Still no. For what is a ghost? It is the phantom sense we get of a once-living being who is no longer with us, but yet, is still somehow present. Which means that the Holy Ghost is every taste we have of Jesus, who once walked among us and currently does not. He is the wisp in the wind that reminds us of the Lord who lived with us, who occupied the same spaces that we do. He is a reminder of the Christ who lived, died, and lived again for us - every time we smell that smell we can't quite place, every time we have that feeling of wanting to talk to Him and turning around to see if He's there. That's the Holy 'Ghost.' Still not an actual spirit in the sense that we think of spirits, but the experience that this person of God gives us of the Trinity. 

 He is the person of God and no mere apparition. He waits for the same invitation into our lives that God does, rather than just lurking in our closet or being here all the time. There's nothing in Scripture that says the Holy Spirit just roams around and fills the whole earth, whether it wants Him or not; rather, He is a gift for believers, for all believers, from the moment they accept Him. And then, He does not - He cannot - simply roam around our lives like some kind of roomba that we set on autopilot and expect to keep our lives clean without our investment or engagement. Again, that's not how the Holy Spirit works. That's not how the person of God works. 

What we have to do, as Christians, is to start developing the kind of relationship with the Holy Spirit that we have developed over the years with God, through the Old Testament, and Jesus, through the New Testament, by just steeping ourselves in His story and finding out what He's doing in the world, how He's doing it, and how He intends for us to join Him. 

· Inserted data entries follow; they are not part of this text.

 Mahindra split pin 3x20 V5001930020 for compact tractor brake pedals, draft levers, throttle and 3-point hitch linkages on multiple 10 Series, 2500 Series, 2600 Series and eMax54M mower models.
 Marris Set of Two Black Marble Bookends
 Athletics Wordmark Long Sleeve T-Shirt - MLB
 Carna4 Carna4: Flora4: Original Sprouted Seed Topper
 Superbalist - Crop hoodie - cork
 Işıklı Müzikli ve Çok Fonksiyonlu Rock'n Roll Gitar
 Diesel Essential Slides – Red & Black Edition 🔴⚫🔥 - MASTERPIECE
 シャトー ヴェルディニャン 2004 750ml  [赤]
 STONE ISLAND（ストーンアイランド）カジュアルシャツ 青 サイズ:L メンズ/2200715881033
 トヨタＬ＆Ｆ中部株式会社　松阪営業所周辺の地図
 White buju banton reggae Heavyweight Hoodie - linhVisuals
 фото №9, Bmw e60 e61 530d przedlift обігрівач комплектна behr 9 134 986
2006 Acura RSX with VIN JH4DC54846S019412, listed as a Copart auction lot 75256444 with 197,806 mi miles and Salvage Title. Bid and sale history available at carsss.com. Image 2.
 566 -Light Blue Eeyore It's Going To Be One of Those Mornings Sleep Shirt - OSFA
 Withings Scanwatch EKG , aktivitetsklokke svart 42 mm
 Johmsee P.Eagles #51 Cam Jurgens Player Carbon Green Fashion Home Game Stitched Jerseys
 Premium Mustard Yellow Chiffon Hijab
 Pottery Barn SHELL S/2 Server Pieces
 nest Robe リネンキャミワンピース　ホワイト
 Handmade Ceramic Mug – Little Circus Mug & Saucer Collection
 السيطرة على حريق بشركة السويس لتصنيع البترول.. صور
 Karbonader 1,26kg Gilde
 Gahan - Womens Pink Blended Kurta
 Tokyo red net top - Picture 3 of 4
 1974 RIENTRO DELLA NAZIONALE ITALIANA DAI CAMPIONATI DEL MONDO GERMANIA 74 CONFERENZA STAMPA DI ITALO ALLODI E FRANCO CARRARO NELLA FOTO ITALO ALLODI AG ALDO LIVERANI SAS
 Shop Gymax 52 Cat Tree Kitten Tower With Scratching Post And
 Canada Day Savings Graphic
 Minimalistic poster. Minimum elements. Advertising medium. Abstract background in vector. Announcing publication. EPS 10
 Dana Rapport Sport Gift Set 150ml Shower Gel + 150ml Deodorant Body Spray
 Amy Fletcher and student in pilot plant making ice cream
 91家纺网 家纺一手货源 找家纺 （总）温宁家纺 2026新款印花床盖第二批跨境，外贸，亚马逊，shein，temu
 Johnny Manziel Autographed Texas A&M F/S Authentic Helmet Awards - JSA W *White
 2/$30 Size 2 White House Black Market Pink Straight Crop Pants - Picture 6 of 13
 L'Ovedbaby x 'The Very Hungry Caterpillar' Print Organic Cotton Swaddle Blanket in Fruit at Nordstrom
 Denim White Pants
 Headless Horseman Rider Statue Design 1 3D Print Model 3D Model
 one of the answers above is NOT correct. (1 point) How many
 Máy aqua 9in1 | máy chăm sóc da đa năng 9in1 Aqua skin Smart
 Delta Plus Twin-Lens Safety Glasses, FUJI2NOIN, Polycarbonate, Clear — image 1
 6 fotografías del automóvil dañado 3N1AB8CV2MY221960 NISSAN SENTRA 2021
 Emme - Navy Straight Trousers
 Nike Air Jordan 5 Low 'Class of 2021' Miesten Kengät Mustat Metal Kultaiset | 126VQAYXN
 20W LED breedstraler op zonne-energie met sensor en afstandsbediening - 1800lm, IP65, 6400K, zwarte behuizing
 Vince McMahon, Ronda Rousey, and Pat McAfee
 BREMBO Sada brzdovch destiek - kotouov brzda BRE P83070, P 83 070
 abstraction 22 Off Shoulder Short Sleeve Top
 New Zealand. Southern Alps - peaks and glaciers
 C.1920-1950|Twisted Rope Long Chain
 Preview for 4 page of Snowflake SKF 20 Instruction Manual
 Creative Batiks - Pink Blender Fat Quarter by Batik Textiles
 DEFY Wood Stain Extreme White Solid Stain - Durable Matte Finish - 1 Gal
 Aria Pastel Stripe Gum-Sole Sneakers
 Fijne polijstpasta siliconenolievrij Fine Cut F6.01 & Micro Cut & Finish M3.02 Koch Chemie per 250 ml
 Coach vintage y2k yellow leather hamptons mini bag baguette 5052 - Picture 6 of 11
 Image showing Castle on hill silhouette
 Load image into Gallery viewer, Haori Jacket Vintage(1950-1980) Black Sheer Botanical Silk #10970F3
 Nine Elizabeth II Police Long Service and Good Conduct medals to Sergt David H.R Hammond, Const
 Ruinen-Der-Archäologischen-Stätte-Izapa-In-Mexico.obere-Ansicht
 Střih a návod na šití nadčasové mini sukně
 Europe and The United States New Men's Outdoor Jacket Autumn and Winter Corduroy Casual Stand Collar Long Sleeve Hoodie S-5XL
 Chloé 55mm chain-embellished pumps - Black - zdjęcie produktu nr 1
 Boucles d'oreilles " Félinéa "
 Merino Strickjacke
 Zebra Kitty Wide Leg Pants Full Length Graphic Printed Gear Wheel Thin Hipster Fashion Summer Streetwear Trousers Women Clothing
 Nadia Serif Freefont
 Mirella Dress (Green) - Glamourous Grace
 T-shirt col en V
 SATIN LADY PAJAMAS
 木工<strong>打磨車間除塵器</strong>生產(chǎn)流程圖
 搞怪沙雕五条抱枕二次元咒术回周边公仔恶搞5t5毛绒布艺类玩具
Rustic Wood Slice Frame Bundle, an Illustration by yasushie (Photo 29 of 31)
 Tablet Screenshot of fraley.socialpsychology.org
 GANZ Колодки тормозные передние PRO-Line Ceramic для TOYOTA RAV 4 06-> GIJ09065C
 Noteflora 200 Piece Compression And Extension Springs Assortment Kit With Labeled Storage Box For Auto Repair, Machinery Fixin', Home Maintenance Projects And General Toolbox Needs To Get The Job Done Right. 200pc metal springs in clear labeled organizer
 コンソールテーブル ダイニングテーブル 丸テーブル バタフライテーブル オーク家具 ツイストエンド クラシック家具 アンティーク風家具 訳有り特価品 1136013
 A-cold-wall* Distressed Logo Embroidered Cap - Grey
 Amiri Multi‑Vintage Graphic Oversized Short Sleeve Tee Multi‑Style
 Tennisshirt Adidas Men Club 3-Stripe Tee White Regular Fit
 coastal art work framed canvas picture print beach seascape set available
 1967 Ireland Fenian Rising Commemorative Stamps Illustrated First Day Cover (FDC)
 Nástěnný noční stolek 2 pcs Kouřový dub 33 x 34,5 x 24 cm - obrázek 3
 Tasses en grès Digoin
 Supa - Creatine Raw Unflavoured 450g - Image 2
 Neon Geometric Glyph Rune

In many ways, I wish the Bible were more clear about this, but the truth is that it can't be. It can't be because the story of the presence of the person of the Holy Spirit is an ongoing, developing story that is happening in all of us in the 'already, but not yet.' We're living it. We're writing that story right now, and so it's not something that's revelatory for us in its history, but in its present. It's not from the beginning of time, but right now. It's not merely at one point in time, but at every point in time. At least, in our time. 

We often wonder sometimes - at least, I do - what it might have been like to live in a time when God Himself was seemingly so active in His world. In the Old Testament, when He spoke to His people and led them in battle and called them to greater things. What it might have been like to live in a time when Jesus was alive, in flesh and bone, and walking the same streets with us, as in the Gospels. But we live in such a time. Our time is marked by the presence of the Holy Spirit, just as near as God or Christ have ever been. The third person of the Trinity, given to us for these chapters of His story, these chapters we're writing right now. 

Let us never forget that we are living the story we so often wonder about. And let us never stop wondering about the story we're living.